Sunday, August 07, 2005

The Voting Rights Act: why Republicans don’t want you to vote!

The Voting Rights Act was originally passed in 1965 under the leadership of President Lyndon Baines Johnson and Senate Majority Leader Everett Dirksen-D. As former Senator Bob Dole points out in his Op-Ed piece in the August 6, 2005 Washington Post, a higher percentage of Republicans in both the House and Senate supported passage of the bill.

You can read Bob Dole’s Op-Ed here.

The Act was a monumental piece of legislation that followed on the heals of the Civil Rights Act. The U.S. Justice Department touts the Voting Rights Act as the most successful piece of civil rights legislation in the history of our country. It was enacted in an effort to “codify and effectuate” into law the tenets of the 15th Amendment (follow this link to read the 15th Amendment). In addition, the Act had several special provisions to deal with the challenges faced by African-Americans and barriers to voting. One provision struck down the literacy requirement for voting that was used to keep blacks from voting in the Jim Crow south and many counties in the north.
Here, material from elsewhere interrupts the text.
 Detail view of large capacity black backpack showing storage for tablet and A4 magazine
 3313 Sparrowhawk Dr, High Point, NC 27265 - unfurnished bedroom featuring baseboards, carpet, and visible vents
These municipalities were further required to seek the approval of a three judge panel of the federal courts in the D.C. circuit or the Attorney General of the United States before they changed their voting laws. Further, the Attorney General could send agents to these municipalities to ensure that eligible people were not being denied the right to vote.

This Act was subsequently renewed in 1970, 1975 and 1982. Along the way it was modified to also ensure that voting materials are available in many other languages to aid foreign born American citizens who do not speak English sufficiently to feel comfortable voting in the majority language. Upon reauthorizing the Voting Rights Act in 1982, President Reagan stated clearly and perfectly that the right to vote is "the crown jewel of American liberties" reaffirming the need to protect this right in the clearest terms possible.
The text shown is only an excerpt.